_WHAT TO DO_
Produce a word-for-word copy of the lines from the one that contains "Roller with a" to the final line of the data below, with all pictures dropped.

*** EXTRACTED DATA ***

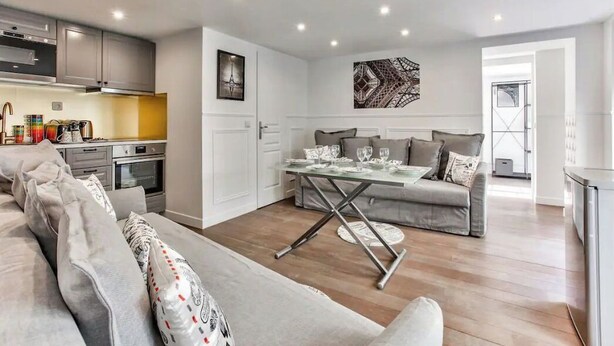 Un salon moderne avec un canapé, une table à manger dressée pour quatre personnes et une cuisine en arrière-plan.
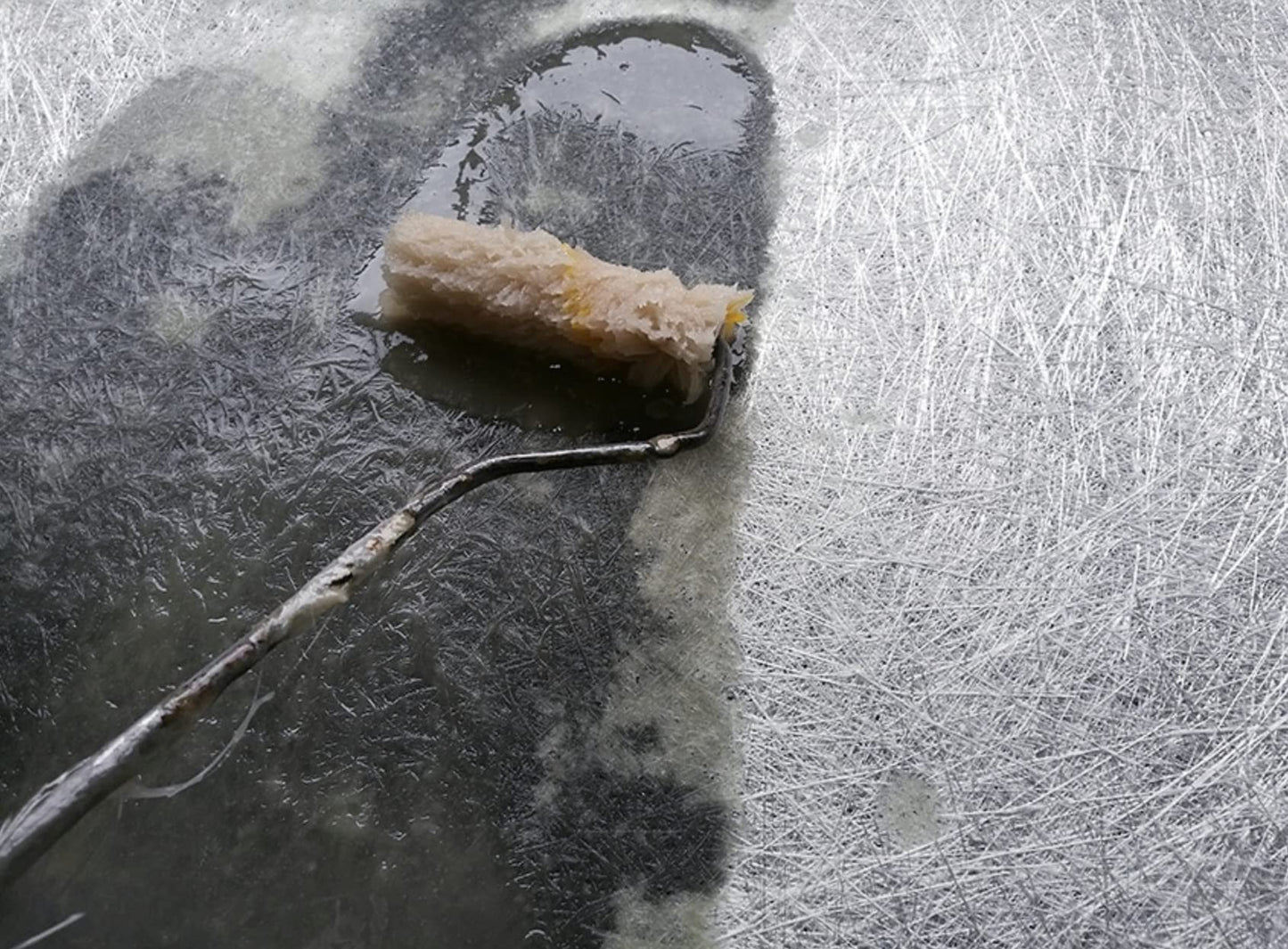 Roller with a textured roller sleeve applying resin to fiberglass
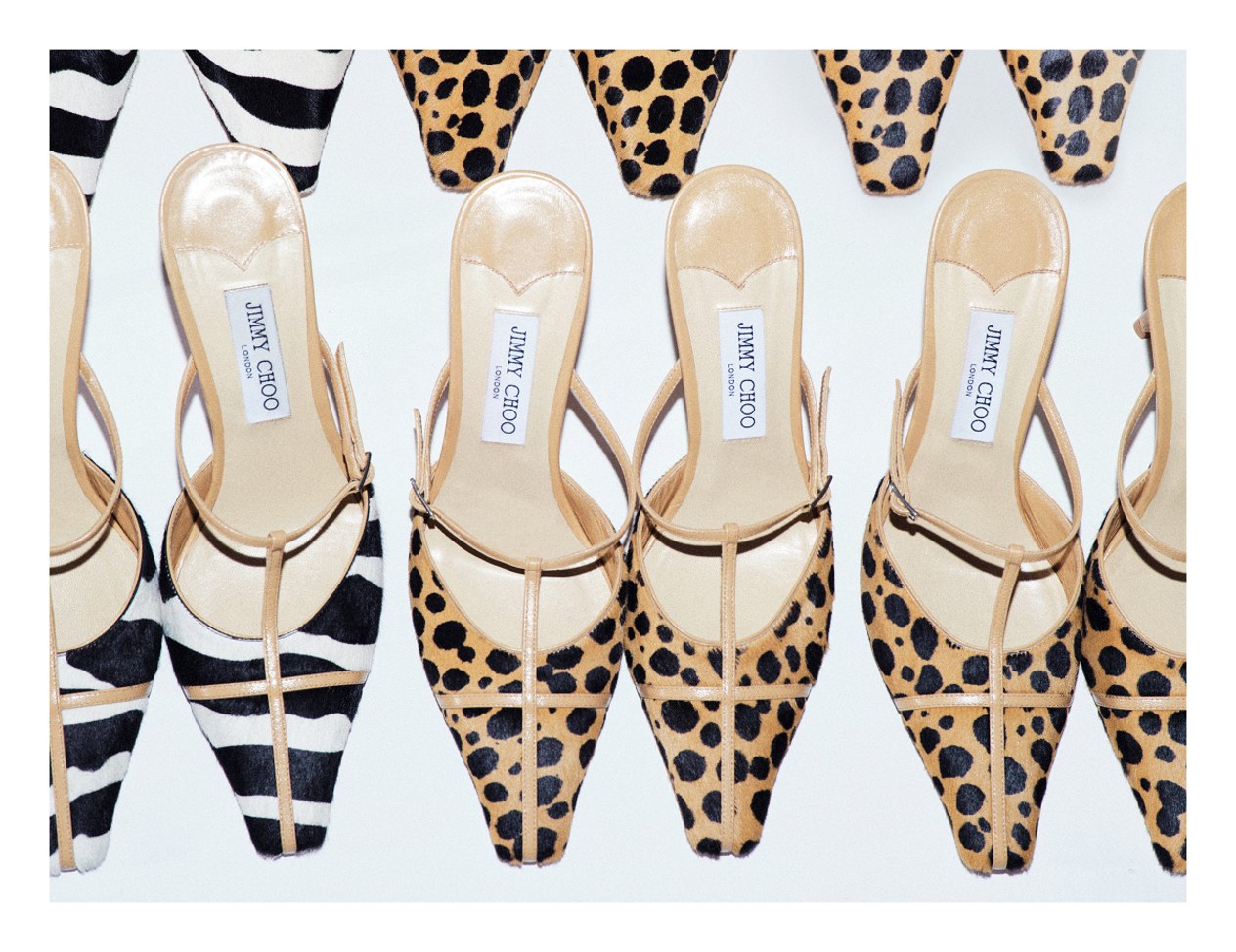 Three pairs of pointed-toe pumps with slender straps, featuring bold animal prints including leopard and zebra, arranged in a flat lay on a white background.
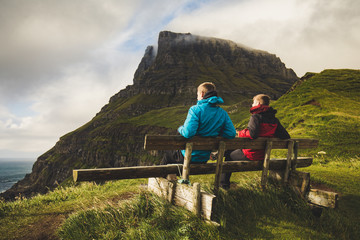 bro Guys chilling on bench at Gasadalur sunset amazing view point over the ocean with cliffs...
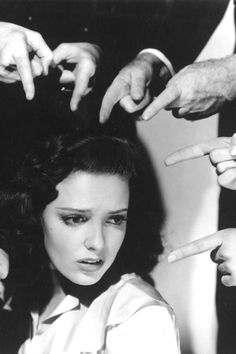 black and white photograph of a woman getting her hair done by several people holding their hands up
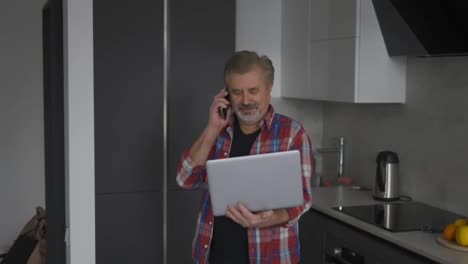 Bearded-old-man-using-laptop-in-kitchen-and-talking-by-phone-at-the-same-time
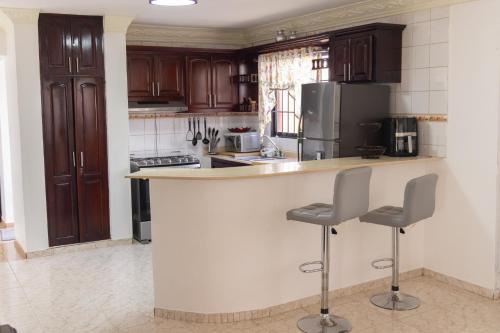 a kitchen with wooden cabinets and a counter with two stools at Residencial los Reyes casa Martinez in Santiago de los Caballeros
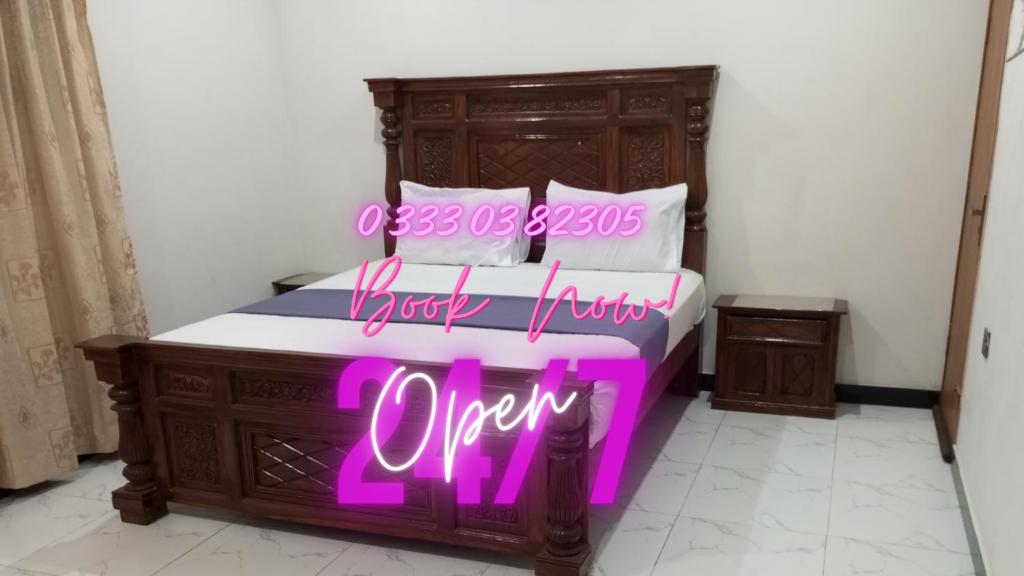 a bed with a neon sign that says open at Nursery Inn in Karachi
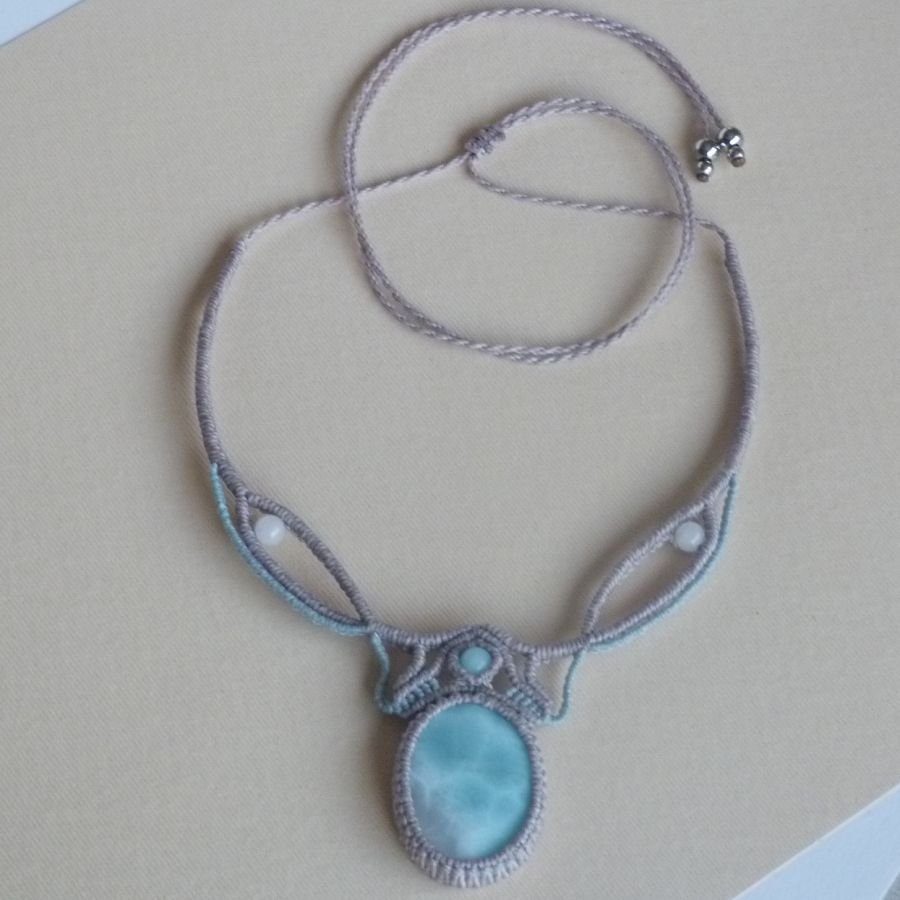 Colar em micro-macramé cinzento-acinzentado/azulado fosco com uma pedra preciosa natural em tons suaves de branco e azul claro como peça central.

*** End of EXTRACTED DATA ***

_WRITTEN SOLUTION_
 Roller with a textured roller sleeve applying resin to fiberglass
 Three pairs of pointed-toe pumps with slender straps, featuring bold animal prints including leopard and zebra, arranged in a flat lay on a white background.
 bro Guys chilling on bench at Gasadalur sunset amazing view point over the ocean with cliffs...
 black and white photograph of a woman getting her hair done by several people holding their hands up
 Bearded-old-man-using-laptop-in-kitchen-and-talking-by-phone-at-the-same-time
 a kitchen with wooden cabinets and a counter with two stools at Residencial los Reyes casa Martinez in Santiago de los Caballeros
 a bed with a neon sign that says open at Nursery Inn in Karachi
 Colar em micro-macramé cinzento-acinzentado/azulado fosco com uma pedra preciosa natural em tons suaves de branco e azul claro como peça central.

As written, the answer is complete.